Today I’m conducting two half-day workshops at the Museums and the Web Conference in San Francisco. This blog post contains the workshop description and the course materials for Museum Mashups, there’s another post for Real Science 2.0: Interacting with Scientific Imagery and Live Data.
The image on left is a termite “catherdral” mound, an example of the theory of emergence in nature. I decided to use this image after rading Alex Iskold’s article on Yahoo! Pipes, where he talks about emergence (part of complexity theory) and its relation to Web 2.0.
Perhaps more than any other approach or Web technology, mashups exemplify “Web 2.0.” These unique web applications draw on content from more that one source to create something new. With hundreds of open APIs (Application Programming Interface) to choose from, over 1000 mashups have been created in just the past two years. Google maps, Flickr photos, and many other data sources and services are now available to designers and developers.

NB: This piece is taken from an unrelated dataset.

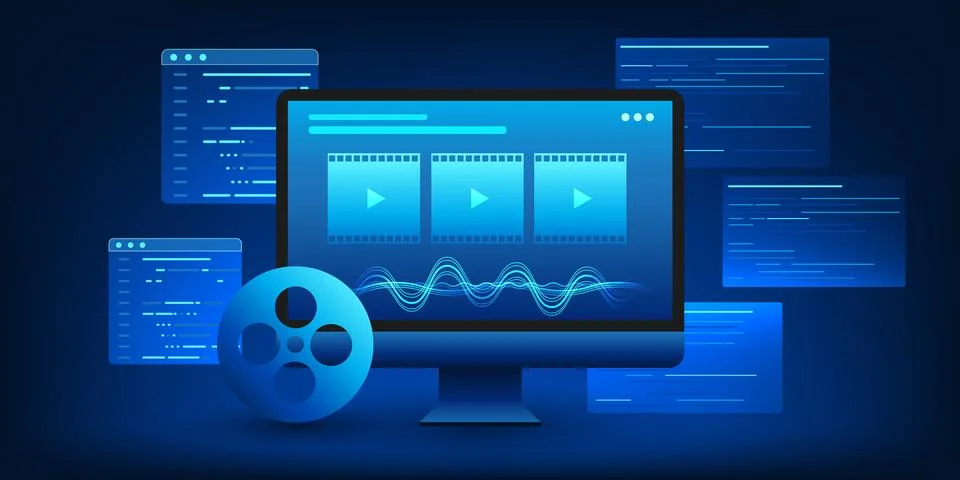 Computer screen showing the workings of AI in generating video, with progra.. Stock Illustration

Unfortunately, few museums have explored the promise that mashups present. While some of the APIs are commercial in nature, many are relevant to the museum world and could be used to create compelling interactive experiences for museum visitors. Mashups have the potential to allow visitors to access archives, collections, and scientific data in innovative and exciting ways.
As museums slowly begin to explore other Web 2.0 technologies such as blogging and social networking applications, the potential for tapping into these communities with mashups increases. Our visitors are already using mashups and many of the core technologies that open APIs are making accessible.

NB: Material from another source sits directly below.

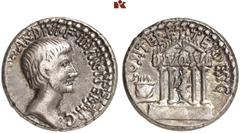 RÖMISCHE MÜNZEN IMPERATORISCHE PRÄGUNGEN. Octavianus AR-Denar, 36 v. Chr., italische Münzstätte; 3,99 g. Kopf r.//Viersäuliger Tempel des Divus Julius, darin Statue des Divus Julius, im Pediment Komet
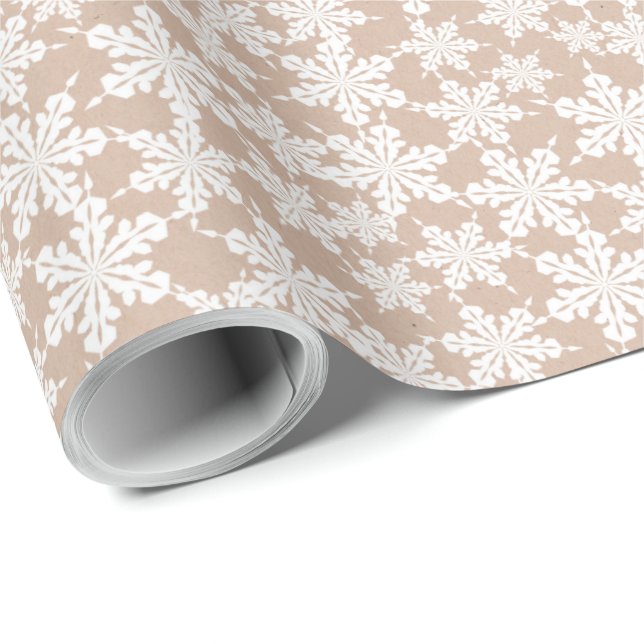 Kraft Winter White Christmas Elegant  Wrapping Pap Wrapping Paper (Roll Corner)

This half-day workshop will explore the technical and design aspects of mashups. We’ll look at some of the examples that are out there and discuss the technology behind them. We’ll explore some of the more popular open APIs and talk about the possibilities they present.

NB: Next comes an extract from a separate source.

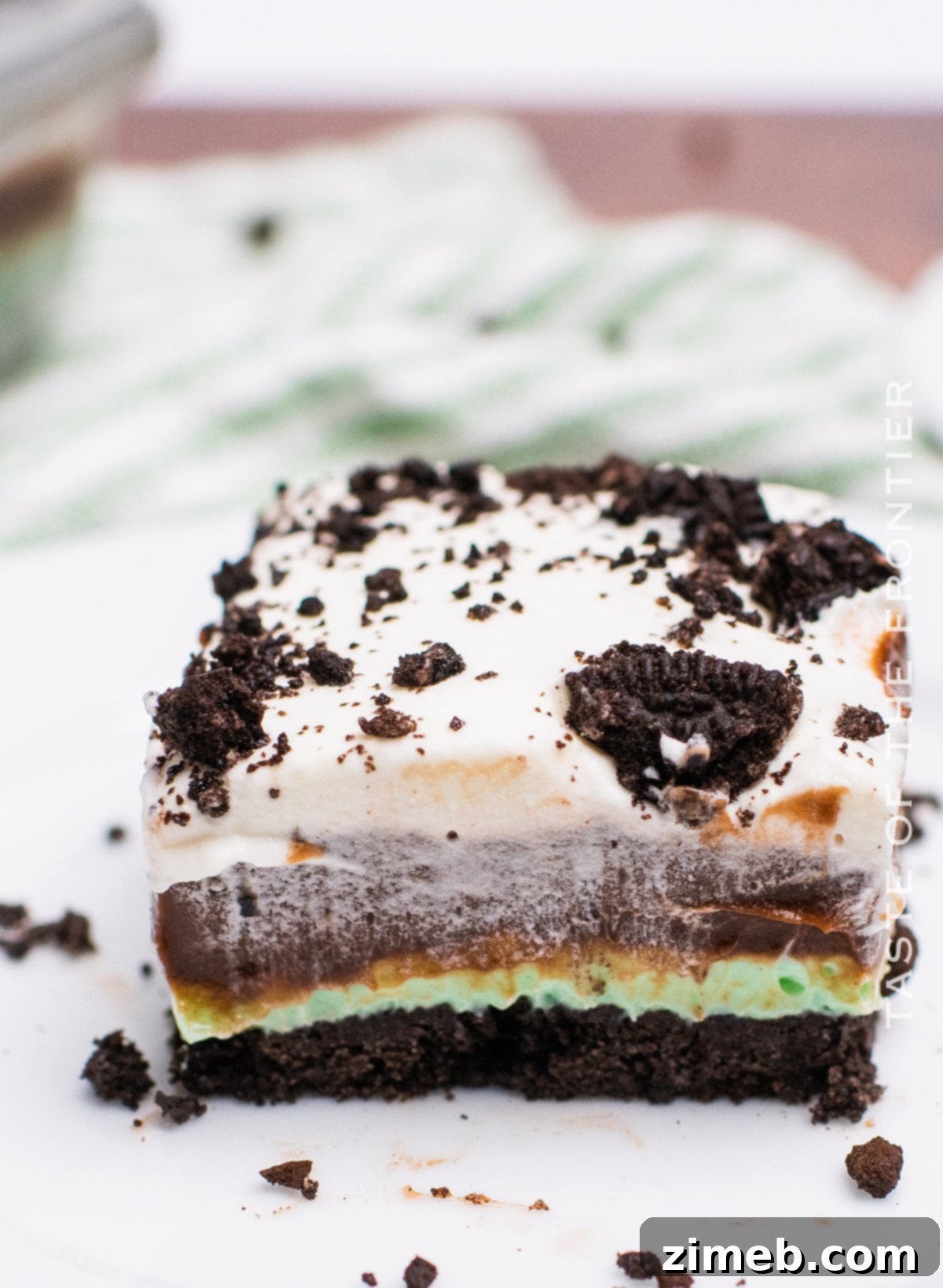 Mint Chocolate Indulgence 3 Lush dessert with visible layers of mint green and chocolate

Finally, we’ll explore the design issues surrounding these unique web applications. Due to the complex nature of mashups and the fact that many are produced solely by programmers, usability and visitor experience is often compromised. We’ll look at what is emerging as “best practices” in the development on mashups with a focus on design. Through a rapid design exercise we’ll take a look at the conceptual, information, and visual design aspects of mashups.